- MATERIAL FOR THIS EXERCISE:
============

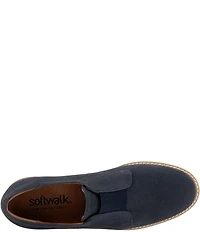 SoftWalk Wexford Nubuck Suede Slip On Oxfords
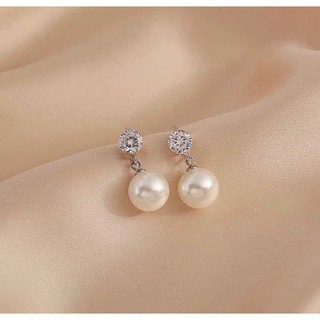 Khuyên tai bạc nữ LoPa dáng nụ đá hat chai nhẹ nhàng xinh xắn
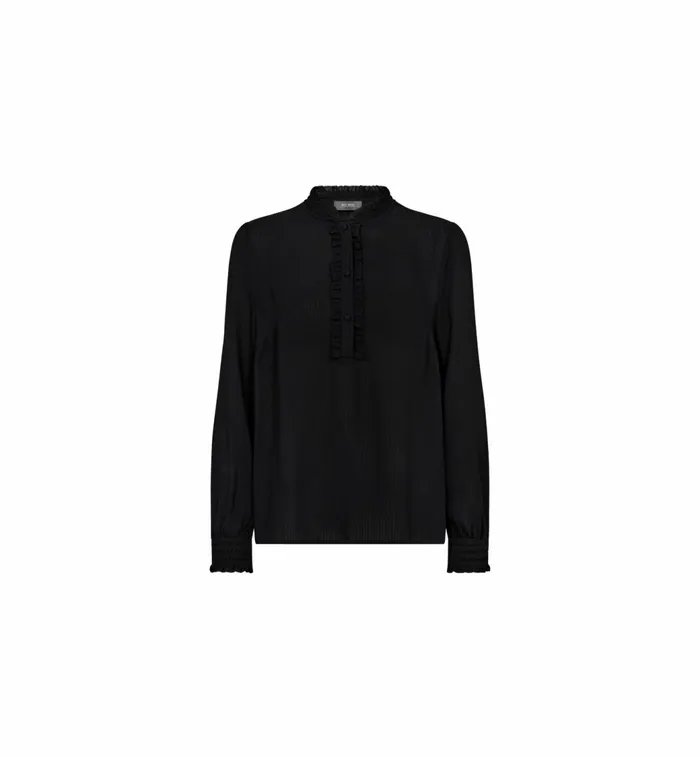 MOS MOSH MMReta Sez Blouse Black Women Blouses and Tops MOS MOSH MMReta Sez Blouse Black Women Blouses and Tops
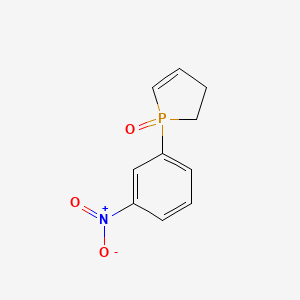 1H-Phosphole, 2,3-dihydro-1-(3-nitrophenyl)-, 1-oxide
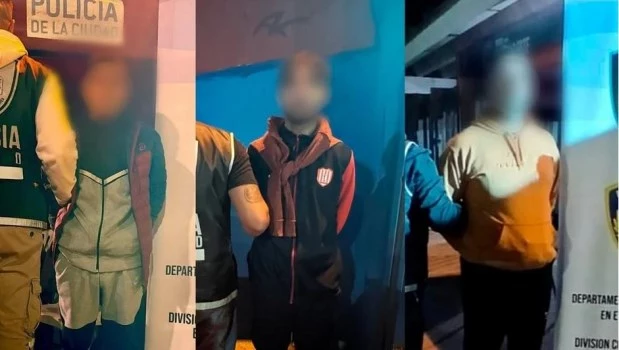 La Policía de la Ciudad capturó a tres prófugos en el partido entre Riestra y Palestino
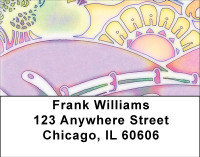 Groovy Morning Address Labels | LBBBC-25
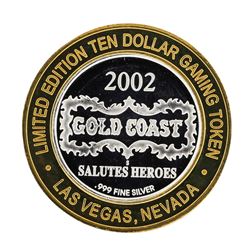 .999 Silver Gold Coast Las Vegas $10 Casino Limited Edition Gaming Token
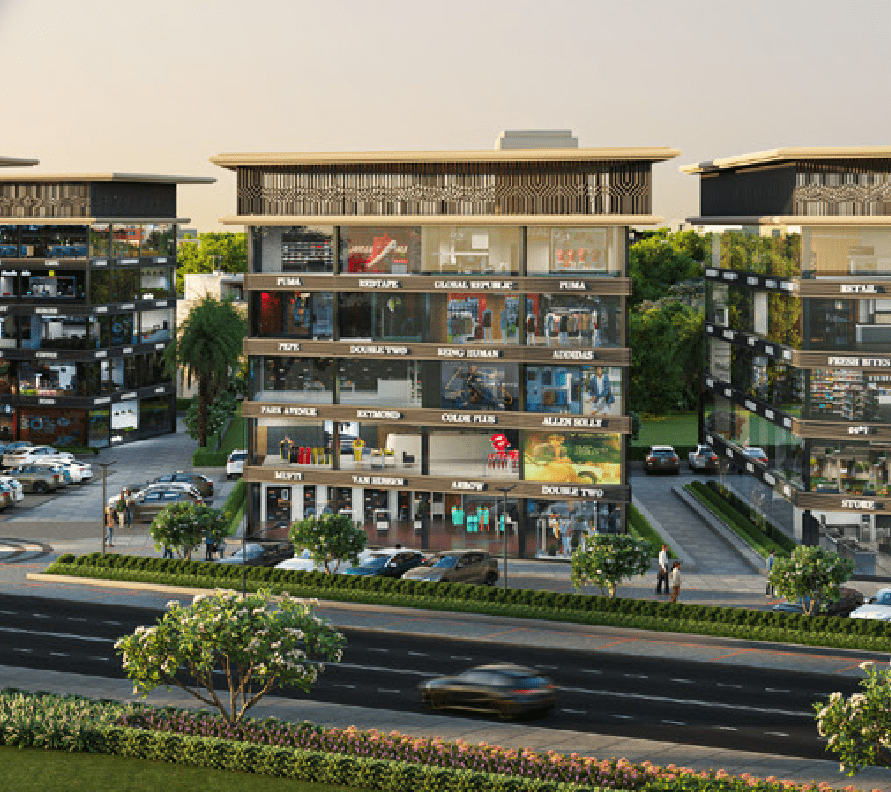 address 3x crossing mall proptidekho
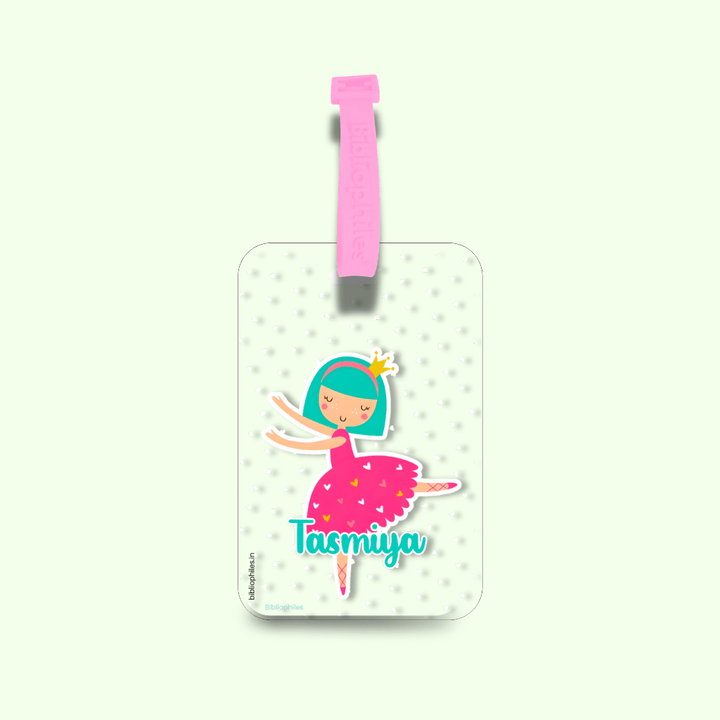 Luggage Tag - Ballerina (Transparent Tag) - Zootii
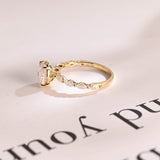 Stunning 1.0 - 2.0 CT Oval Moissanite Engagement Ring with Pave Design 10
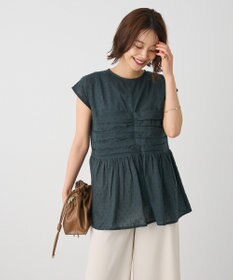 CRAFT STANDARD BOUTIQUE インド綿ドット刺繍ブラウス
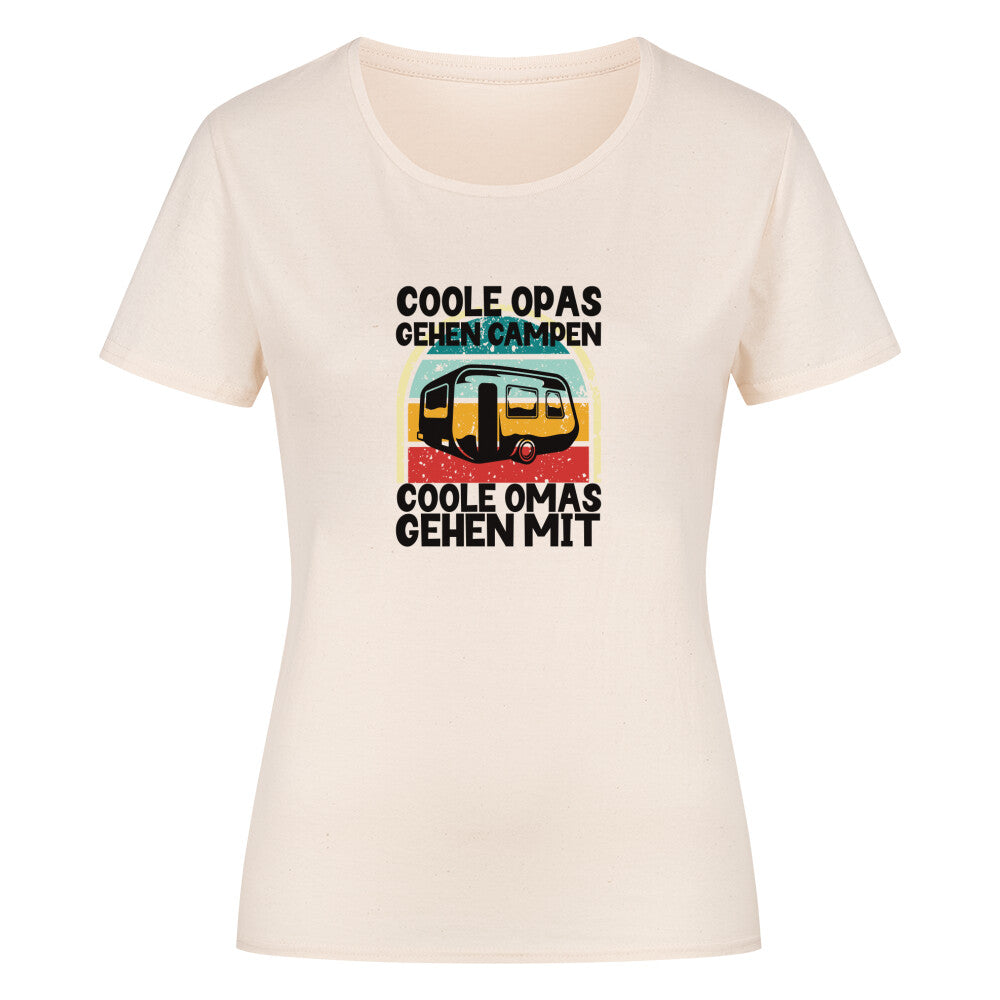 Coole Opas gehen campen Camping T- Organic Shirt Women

============

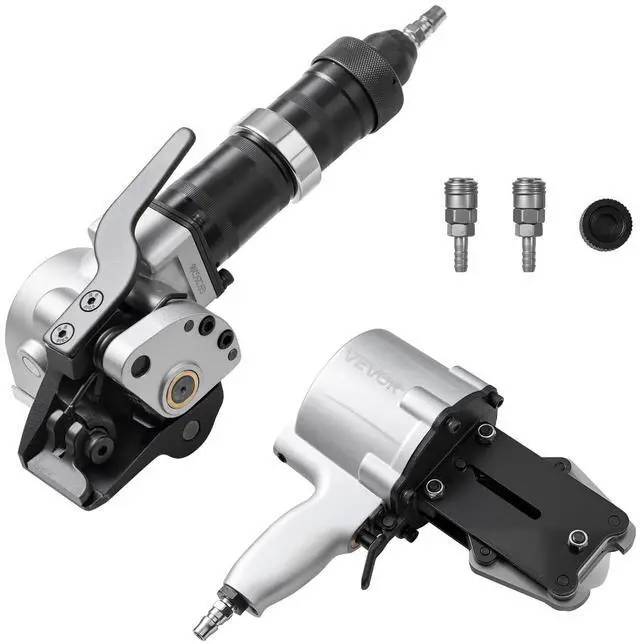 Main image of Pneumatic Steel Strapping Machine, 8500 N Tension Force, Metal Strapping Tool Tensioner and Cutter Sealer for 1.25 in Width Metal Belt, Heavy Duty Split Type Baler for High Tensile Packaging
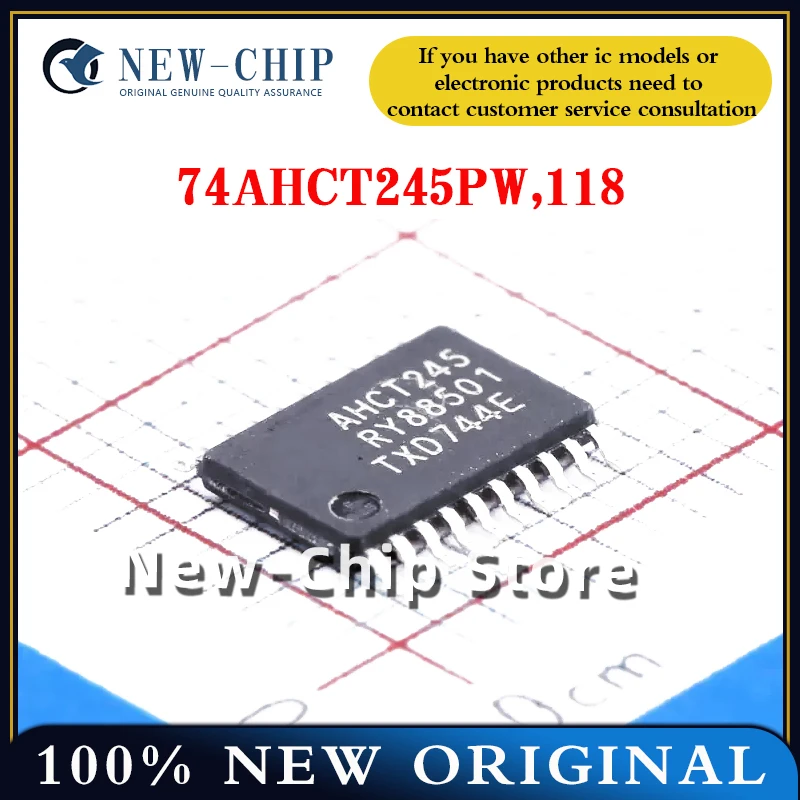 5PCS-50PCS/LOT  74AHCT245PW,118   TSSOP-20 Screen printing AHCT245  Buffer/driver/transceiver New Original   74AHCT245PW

============

- WHAT TO WORK ON: Above is the material; set down exactly its lines from the one containing "Luggage Tag - Ballerina" down to the one containing "Coole Opas gehen", both included, leaving out any pictures.

- RESULT:
 Luggage Tag - Ballerina (Transparent Tag) - Zootii
 Stunning 1.0 - 2.0 CT Oval Moissanite Engagement Ring with Pave Design 10
 CRAFT STANDARD BOUTIQUE インド綿ドット刺繍ブラウス
 Coole Opas gehen campen Camping T- Organic Shirt Women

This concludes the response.